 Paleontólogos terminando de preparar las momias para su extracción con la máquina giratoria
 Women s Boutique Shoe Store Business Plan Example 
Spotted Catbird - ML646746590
════════
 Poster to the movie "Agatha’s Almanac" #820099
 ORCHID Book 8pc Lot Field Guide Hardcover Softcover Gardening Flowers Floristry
════════
#### Exercise aim
Begin at the line above that has "Paleontólogos terminando de" and stop after the line that has "Spotted Catbird - ML646746590", copying each line exactly and adding nothing else.

#### Reply
 Paleontólogos terminando de preparar las momias para su extracción con la máquina giratoria
 Women s Boutique Shoe Store Business Plan Example 
Spotted Catbird - ML646746590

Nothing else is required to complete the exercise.